Stay organized with collections Save and categorize content based on your preferences.

Work with stored procedures for Apache Spark

As a data analyst, you can create and call stored procedures for Apache Spark in BigQuery.

Using BigQuery, you can create and run Apache Spark stored procedures that are written in Python. You can then run these stored procedures in BigQuery using a GoogleSQL query, similar to running SQL stored procedures.

To enroll in this preview, complete the enrollment form.

Before you begin

To create a stored procedure for Apache Spark, ask your admin to create a Spark connection and share it with you.

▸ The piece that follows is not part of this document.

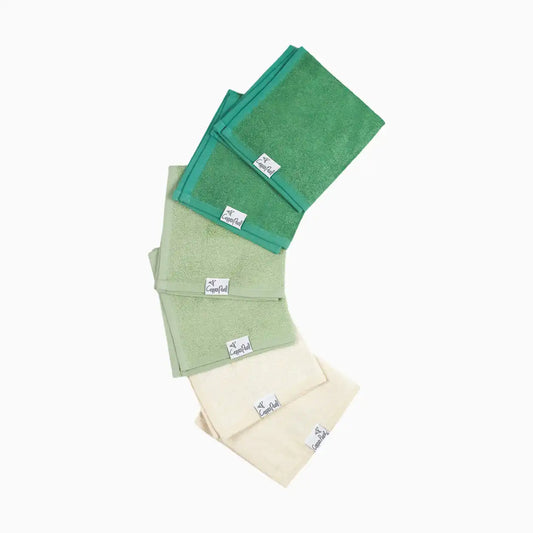 Ultra Soft Washcloth (6 Pack)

Your admin must also grant the service account associated with the connection the required Identity and Access Management (IAM) permissions.

Required roles

To get the permissions that you need to perform the tasks in this document, ask your administrator to grant you the following IAM roles:

For more information about granting roles, see Manage access.

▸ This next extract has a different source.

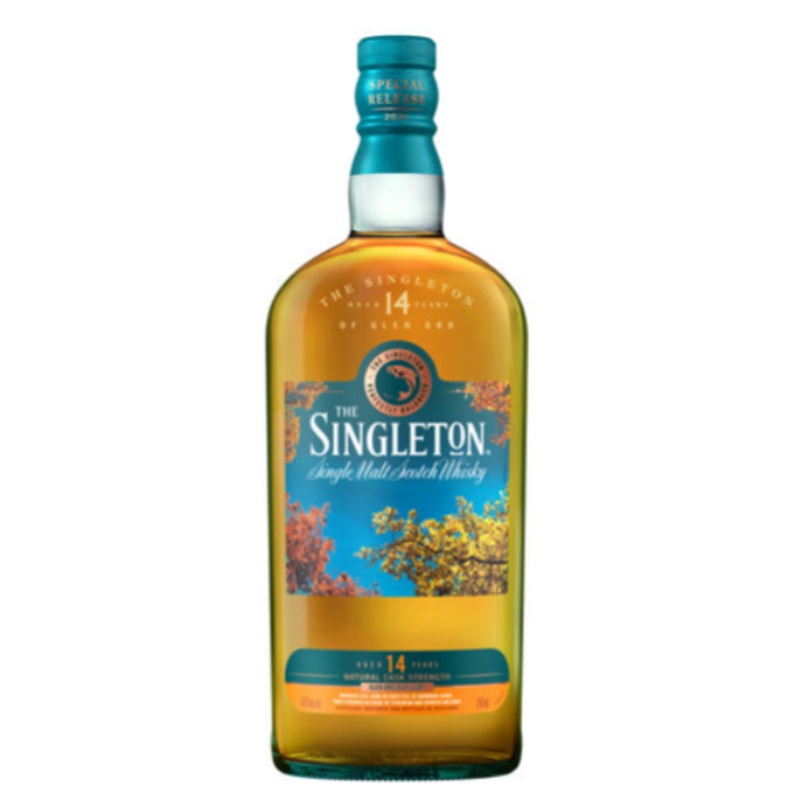 The Singleton of Glen Ord Autumn Walk 14 Year Old Special Release 2024 Single Malt Scotch Whisky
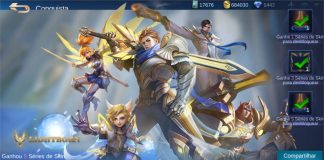 conseguir skins no Mobile Legends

These predefined roles contain the permissions required to perform the tasks in this document. To see the exact permissions that are required, expand the Required permissions section:

Required permissions

The following permissions are required to perform the tasks in this document:

  • Create a connection:
    • bigquery.connections.create
    • bigquery.connections.list
  • Create a stored procedure for Apache Spark:
    • bigquery.routines.create
    • bigquery.connections.delegate
    • bigquery.jobs.create
  • Call a stored procedure for Apache Spark:
    • bigquery.routines.get
    • bigquery.connections.use
    • bigquery.jobs.create

You might also be able to get these permissions with custom roles or other predefined roles.

Location consideration

You must create a stored procedure for Apache Spark in the same location as your connection because the stored procedure runs in the same location as the connection. For example, to create a stored procedure in the US multi-region, you use a connection located in the US multi-region.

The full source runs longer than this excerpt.